A screenshot of a YouTube Clip embedded in a LinkedIn post

However, one thing that LinkedIn’s sharing settings do well is show a good amount of the description that I wrote in the YouTube Clip share card.


The sharing experience was almost exactly the same on Facebook as it was on LinkedIn. Overall, the social implementation is limited, which is why I am convinced that this is an SEO tool.


Clips work best as blog embeds


It wasn’t until I embedded a Clip into a blog post that I realized the true potential of YouTube Clips. It works really well to enable you to extract the most important segments from your long-form videos and pop them into your blog (to provide additional context, cite source material, or supplement the written content, for example).


This is not the same as sharing a YouTube video embed that starts at a given timestamp because you only extract 60 seconds of video per Clip. Even though you’re limited to one minute, you can make lots of them and all of them will contribute to the overall value of your source video.
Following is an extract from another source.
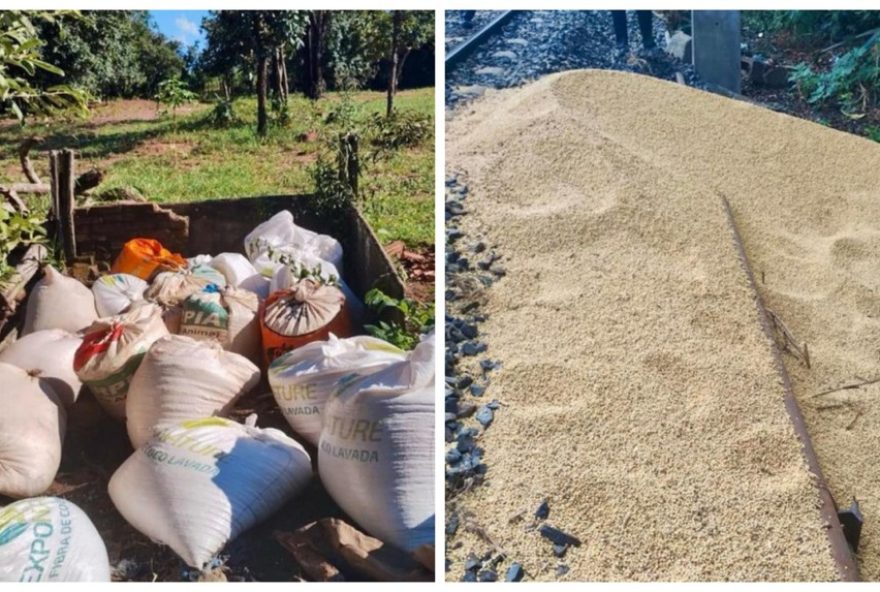 presos-por-furto-de-soja-de-trem3A-acao-policial-em-casa-branca-sp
So, it’s essentially the video equivalent of a quote from a book or a sample of a most excellent guitar riff.



YouTube Clips play in the same way that standard YouTube embeds play in a blog post and they include any subtitles from the original video as well. They also loop, making them easier for users to view a few times and process the content before moving on to the next step. They are ideal for blogs with written how-to’s supported by a video demonstration.


How to use YouTube Clips for SEO


In my opinion, SEOs should be paying attention to YouTtube Clips for a few reasons:

  • They present a great opportunity to revisit written content and add relevant instructional segments, quotes, and context, allowing you to consolidate your video efforts for maximum user value.

  • Clips are rankable and are impacting the search engine results page (SERP).

  • Clips may be impacting Key Moments shown in the SERP.


Here’s how you make the most of this for SEO.


Update longer instructional content with step-by-step segments

Refreshing content that is already ranking can add value for users. Recipe blogs, how-to guides, and tutorials could share multiple video steps in a blog post at the most relevant points, and then share the full video at the end. This could also be really useful in the age of Google’s Multitask Unified Model (MUM) technology.


Create searchable YouTube Clips within your videos

YouTube Clips and the associated descriptions are crawlable and can rank.


In one example from a video of a Maha Shivaratri festival, I found a 60-second clip of a specific performance from a 10-hour live stream ranking for terms that were included in the Clip’s description but not in the source video transcript or description.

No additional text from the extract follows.